Him and Garrincha3. We should pin the No. 7 and 10 shirts onto the Christ the Redeemer and never touch them again! Pelé was a huge star. The best player in the world. Ever. To me there is no equal. He always led by example on and off the pitch. And, even though he was a huge star, Pelé never shouted that you had to play the ball to him. Never. He always had a positive attitude and always made others play better. 

But many people forget about Garrincha. I like him a lot. He was a genius. He was very fast. The way he created space for himself was incredible. Not even Pelé could do that. And don’t forget he won two World Cups for us in 1958 and 1962. History shows that Brazil never lost a game when Garrincha and Pelé played together. 

In 1974 Brazil did enter the World Cup as one of the favourites, but could not quite live up to expectations. What happened? 

In 1974, we entered as world champions. But we had a very different team. Only me and Jairzinho remained. In the first round we didn’t play well. We didn’t score in two draws against Yugoslavia and Scotland and only just qualified thanks to a 3-0 win over Zaire. In the second round, however, we beat East Germany and Argentina and suddenly had a chance to reach the final. But then we met Holland. In 1974, it was Holland that enchanted the world. 

What do you remember from that match?

We played a very interesting game against them. We had two good chances in the beginning of the first half and could have scored. But Holland put us under a lot of pressure from the start. They didn’t give us any time or space to play. 

It was a very hard game. There was only one red card. If played today there would be five players sent off. There was an incredibly heavy atmosphere. In the break we almost had a physical fight near the dressing rooms. I don’t know why. The culprit was the referee. If you make a foul on me and he does not say anything, I’m going to do the same to see if he will say something then. This is how the game ran out of hand.    

But, unlike today, no one complained. No one asked for cards. The only one who talked a bit was [Johan] Cruyff. He tried to influence the game by talking to the referee. But Cruyff was a malandro [rascal], as well as a cracking player. My god, what a fantastic player. Very focused. Intelligent. Great vision. It is hard to find an offensive player with such vision. Normally, it is the zagueiro (central defender) or volante (holding midfielder) who have great vision. 

But they had other great players too of course. [Johan] Neeskens, [Jonny] Rep, [Rob] Rensenbrink and a short, stocky midfielder, Wim Jansen, pora, what a player. Very tough. But Cruyff was the star. It was him who set up one goal and scored the other. Holland won 2-0.  And they deserved to win. They were the team of the tournament. Pity they didn’t win it. 

Do you see similarities between the Netherlands and Brazil?  

Certainly.

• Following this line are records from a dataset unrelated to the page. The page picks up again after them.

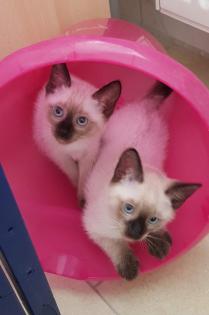 Siam /Thai Kitten Seal Chocolate Point Babys Kätzchen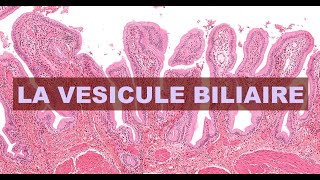 LA VESICULE BILIAIRE  HISTOLOGIE [upl. by Damicke]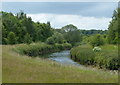 SK4581 : River Rother in the country park by Andrew Hill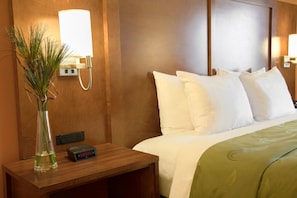 Suite, 1 King Bed, Accessible, Non Smoking (Efficiency) | Desk, iron/ironing board, free WiFi, bed sheets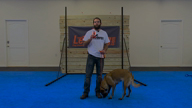 Leash Reactivity Now Offered as a Self-Study Course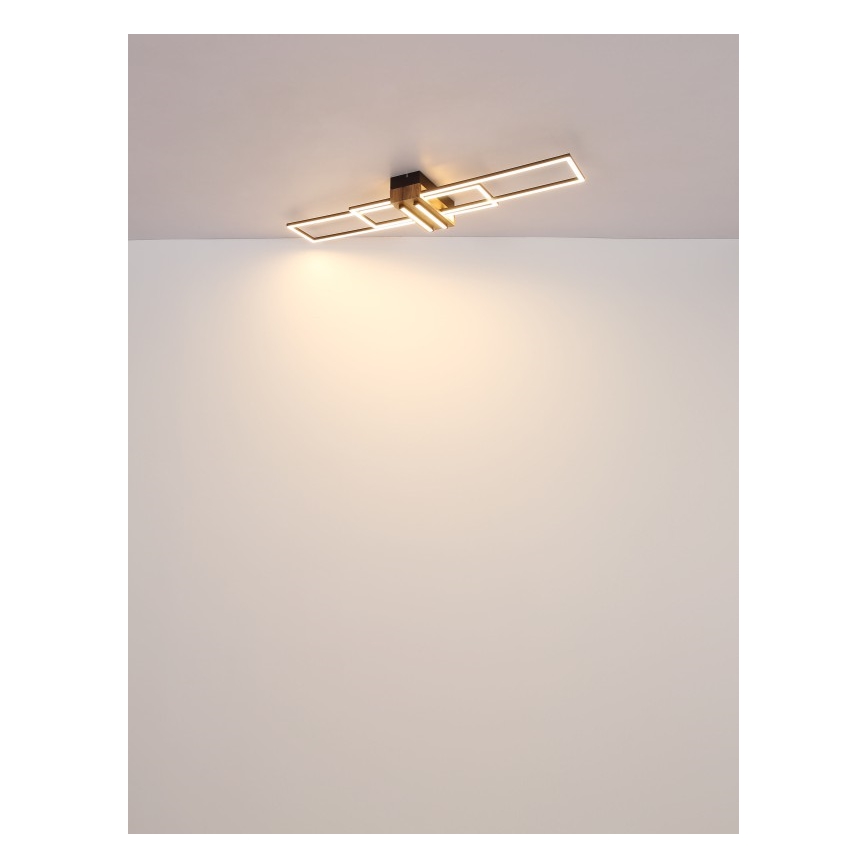 Globo - LED Stropní svítidlo LED/40W/230V 3000K 25x100 cm černá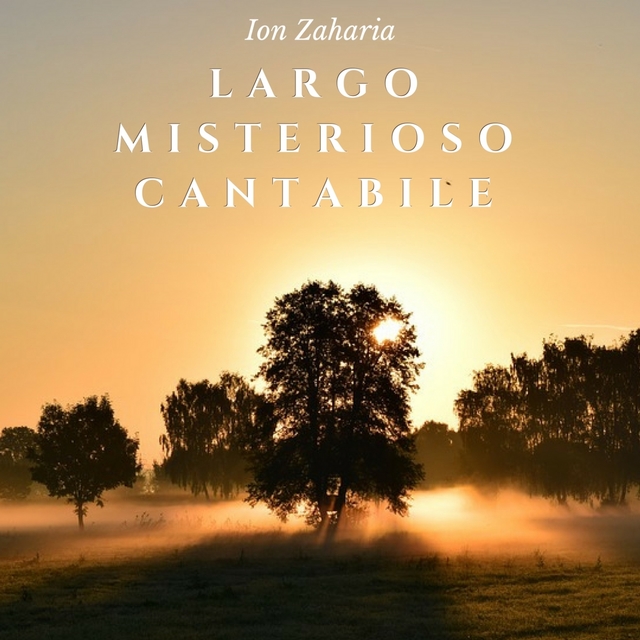 Couverture de Largo misterioso cantabile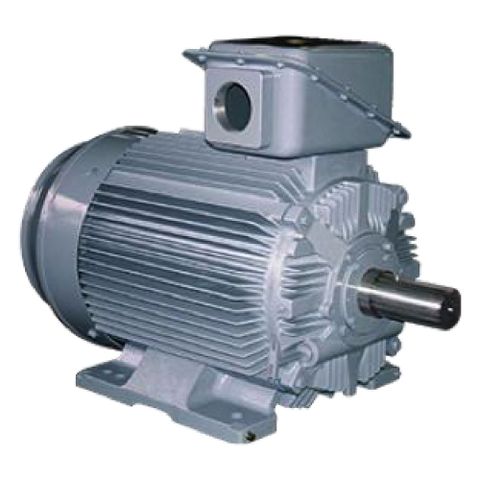 TMEIC 3 Phase High Voltage Induction Motor 21-FII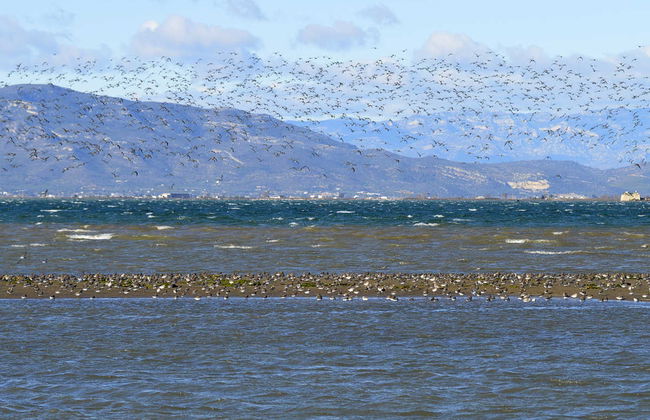 Excursão ao Delta do Ebro + Passeio de catamarã - Foto 6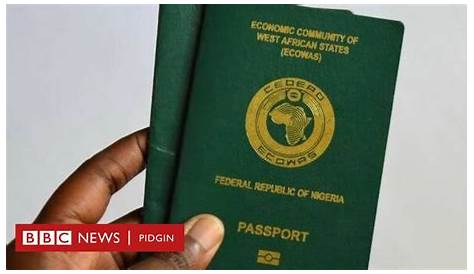 Cost Of A Nigeria International Passport - Travel (565) - Nigeria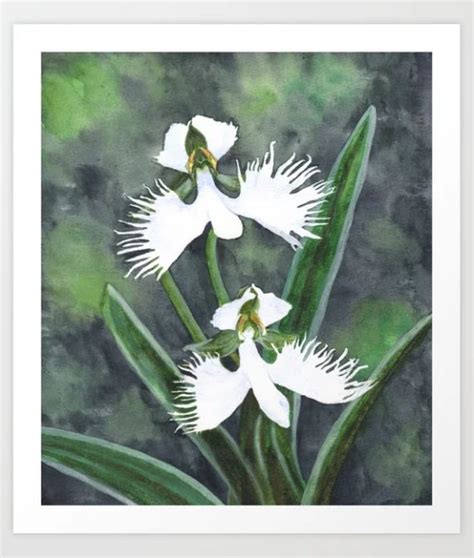 Habenaria Radiata White Egret Orchids Flowers Art Print By Savousepate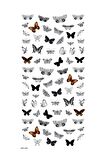 Siyah Kelebekler Tırnak Dövmesi, Tırnak Tattoo, Nail Art, Tırnak Sticker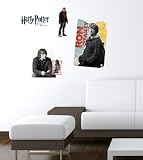 Ron Weasley -- Harry Potter and the Deathly Hallows 3' x 2' Set -- WallJammer -- Peel & Stick Wall Mural Appliques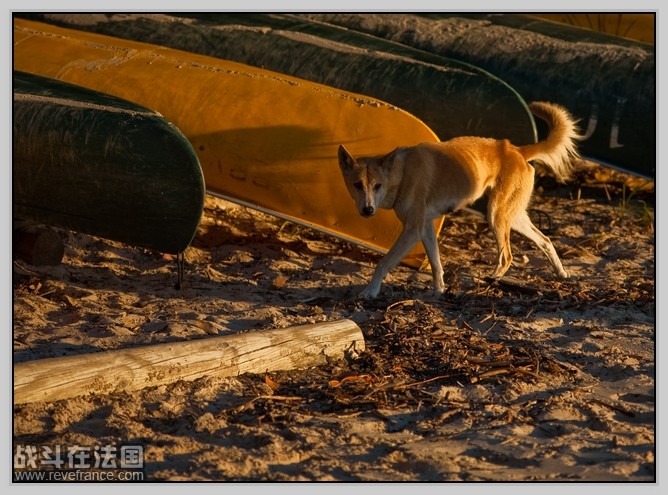 Fraser Island_40.jpg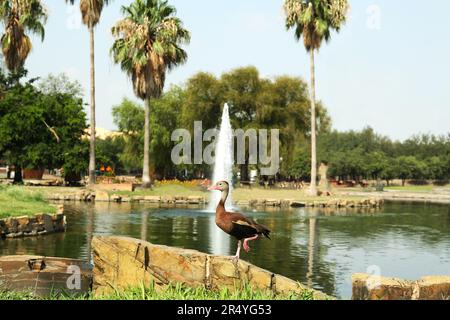 Schwarzbauch-Pfeifente in der Nähe des Teiches im Park Stockfoto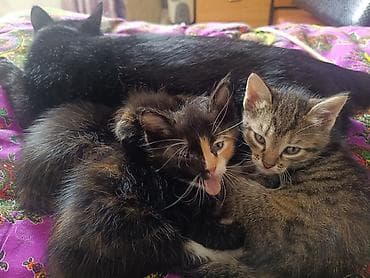 черепаховая кошка цена: Котята домоседы, короткошерстные и пушистые, из одного помёта. отдам — 2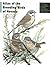 Atlas Of The Breeding Birds Of Nevada by Ted Floyd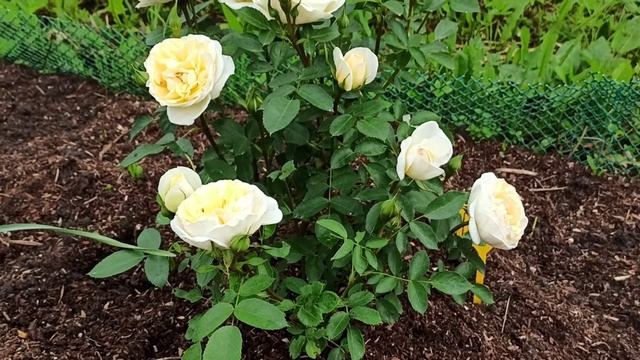 J. P. Connell Канадская парковая роза #саднадежды #розы смотреть онлайн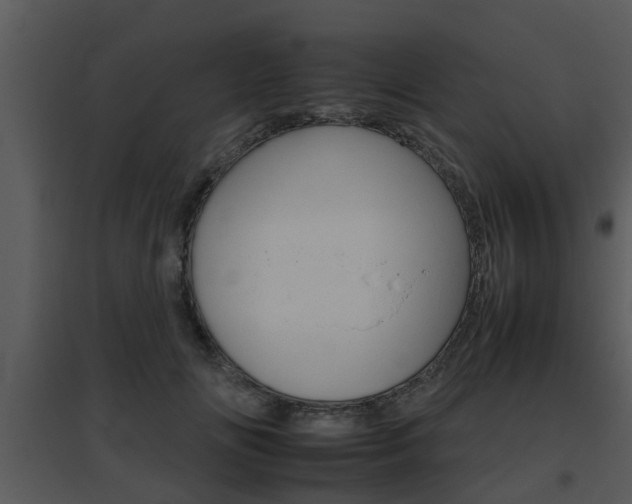 X0000095670702200801081039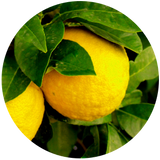 A fresh Yuzu fruit with leaves, showing its yellowish skin and green leaves.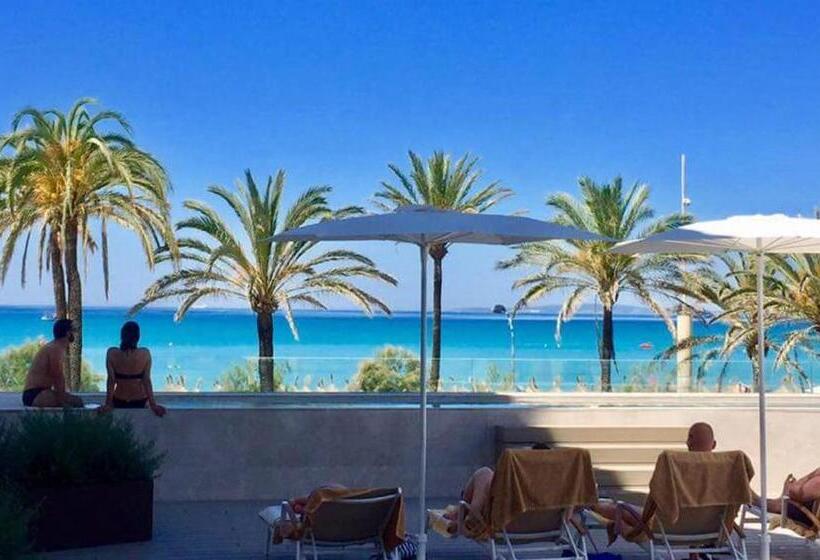 Camera Superiore, Myseahouse Flamingo - Adults Only 4* Sup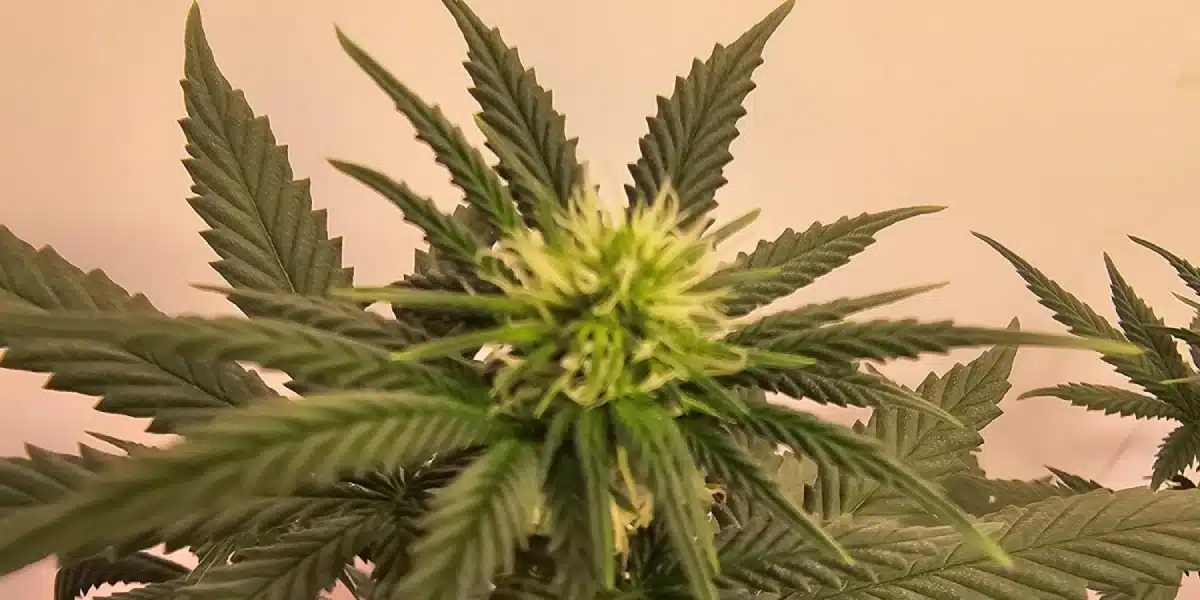 GMO Weed Strain Flowering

If you take the 1974 Dutch team and see how they fluctuate and change position, and the overall quality of the team, there are definitely similarities with the 1970 Brazil team. Holland love to have the ball, to create, to play offensively. And technically they have always had great players. Germany too have always had great players. But their teams are more mechanical. It is better today, but if you ask me to choose between German or Dutch football I will always chose Dutch. I love the way they play, their philosophy, even today. 

Finally, what about your last World Cup in Argentina? 

The only World Cup I don’t like taking about is Argentina. I had injured my ankle, so I only played a bit towards the end. But that’s not the reason. A lot of weird things happened. Of course we can’t prove anything, but how come Brazil played Poland first, followed by Argentina v Peru? Why didn’t Argentina play first? Why didn’t we play at the same time? 

Argentina knew exactly the result they needed. We beat Poland 3-1, so Argentina needed to win by four goals against Peru. And Peru had a good team at the time. They had [Teófilo] Cubillas! And yet Argentina won 6-0. We can’t prove anything, but everyone says the game was bought. Even people in Peru say so. If you think about it: people talk about 1970 and 1974. They talk about Brazil and Holland being great teams. They talk about many World Cups. But no one ever talks about 1978 and Argentina. Never.